About seven months after completing its $25 million buyout of Cyclis Pharmaceuticals Inc., ArQule Inc. has leveraged the acquired Activated Checkpoint Therapy technology to nail down a deal with Roche that could be worth up to $276 million, plus royalties.
ArQule's stock (NASDAQ:ARQL) closed Friday at $6.90, up $1.06, or 18.2 percent, after rising as high as $7.40.
Specifically, the deal is focused on cancer drug candidates targeting the E2F pathway, which regulates cell death. Woburn, Mass.-based ArQule has a compound in Phase I trials, putting the firm "pretty much ahead of anybody else in this [cancer checkpoint] area," said Stephen Hill, president and CEO.
Under the terms, Basel, Switzerland-based Roche Holding Ltd. is paying $15 million up front, as well as research and development support described as "significant," but unspecified. Roche gained an option to acquire rights to the program.
"We haven't shared the timing of the option, and it's really linked primarily to achievements within the program rather than a specific time frame," Hill said during a conference call. If certain milestones are reached, "that would precipitate the obligation of Roche to make a decision as to whether they want to opt in or not," he said, adding that Roche then would face "a time limit on how long that option would be open for."

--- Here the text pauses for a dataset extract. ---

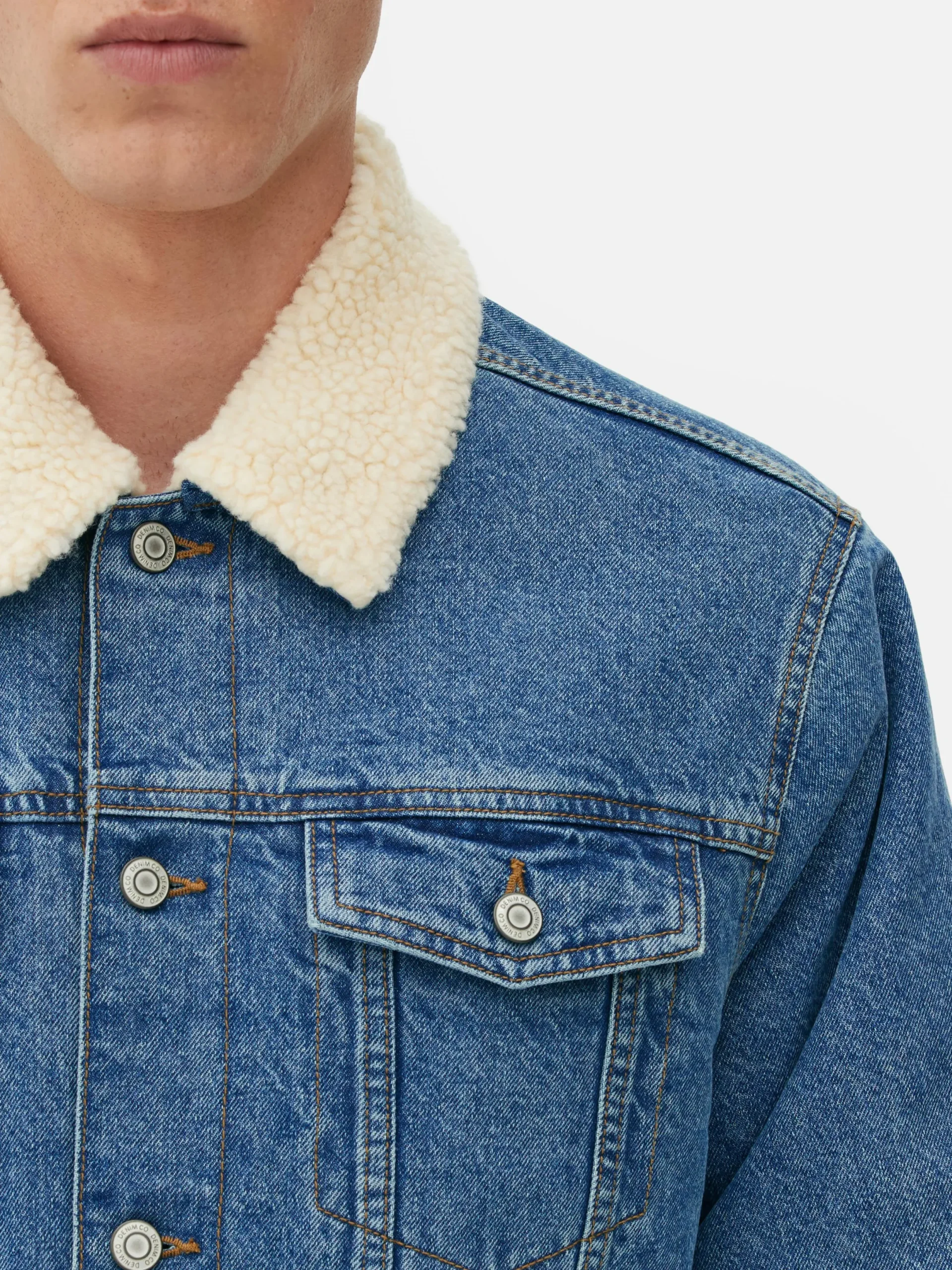 Jacken Und Mäntel|Primark Jeansjacke Mit Borgkragen Blau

Hill told BioWorld Today later that the start of the clock for Roche's decision making partly will "be triggered by us generating Phase II data in one compound and having at least one Phase I compound in the clinic." But Roche will make ongoing research and development payments in undisclosed amounts, starting in 2005.

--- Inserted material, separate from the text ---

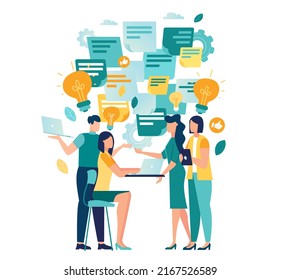 brainstorming business meeting creating new idea, wall stickers with effective ideas meeting creative workers. resourceful businessmen looking for new opportunities through brainstorming wall stickers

If Roche, the oncology division of which has four research sites and four "headquarter development" sites around the world, takes the option to license worldwide rights to further develop and commercialize E2F drugs, it pays an opt-in fee.
Hill would not provide the amount of the fee, but noted that ArQule "had a choice whether to do a deal or not, and we looked very carefully to whether we should do a deal now" or wait until a drug was further along in the clinic. Terms in the Roche deal "compared very favorably with [those likely to be gained by] waiting," he said.
As the supply of late-stage programs dwindles in the industry, pharmaceutical firms are having to in-license compounds further back in the development stages, Hill said.
"If you risk-adjust them appropriately, I am of the view that for good programs you can do just as good a deal at Phase I as you can do at Phase II," he said.
If a drug from the E2F program reaches the market, ArQule could be in line for up to $276 million in payments, as well as royalties. Meanwhile, ArQule is keeping rights to Cancer Survival Proteins, known to block checkpoint-mediated apoptosis. Its lead compound has shown activity against human cancer, Hill said. ArQule also retains rights to an intracellular protein named PUMA, which stands for "p53-Upregulated Modulator of Apoptosis." Produced in response to p53, PUMA has shown in in vitro assays to be a highly potent stimulator of apoptosis in cancer cells.
A drug that hits the E2F pathway as well as traveling another route would be "a little bit of a gray area," Hill acknowledged. "The intent, I think it's fair to say, behind this [deal] is if E2F elevation is the primary basis by which the drug works, then that would be included in the program. If that's an incidental effect and not the primary mechanism, then I think that's open to ArQule retaining rights."
Hill said the CSP program does "not involve the E2F pathway in a material fashion," and noted that ArQule keeps control over all Activated Checkpoint Therapy programs apart from E2F.
Yeast biologist Leland Hartwell, at the University of Washington in Seattle, discovered the phenomenon of the DNA damage checkpoint in 1988 and got the Nobel Prize for it in 2001. Papers on the subject have been published in the journals Nature and the Proceedings of the National Academy of Sciences. (See BioWorld Today, April 2, 1999, and May 15, 2002.)
Work in cancer checkpoints has steadily gained steam, and was the subject of presentations at the American Association for Cancer Research meeting in Orlando, Fla., last week.
Hill said interest is growing, though he is "not aware of anybody else who is already in the clinic with programs working by activated checkpoints. It may not be a bandwagon yet, but I suspect if and when clinical activity is demonstrated, a lot more people will be looking into this area."
As a result of the Roche deal, ArQule upped its guidance regarding 2004 financial results, putting revenues between $50 million and $52 million. The previous range had been $46 million to $48 million. Cost of revenue is unchanged, but research and development expenses rose to a range of $24 million to $25 million, rising $2 million over the previous estimate. ArQule expects its net loss per share to range between 52 cents and 56 cents for the year, down from the previous guidance of a range between 66 cents and 70 cents.
The company in September put the finishing touches on its buyout of privately held, Norwood, Mass.-based Cyclis, combining the former's chemistry expertise with its biology, which included Cyclis' lead candidate for cancer, CO-501 (now known as ARQ-501), as well as the Activated Checkpoint Therapy methodology used to develop it. (See BioWorld Today, July 18, 2003.)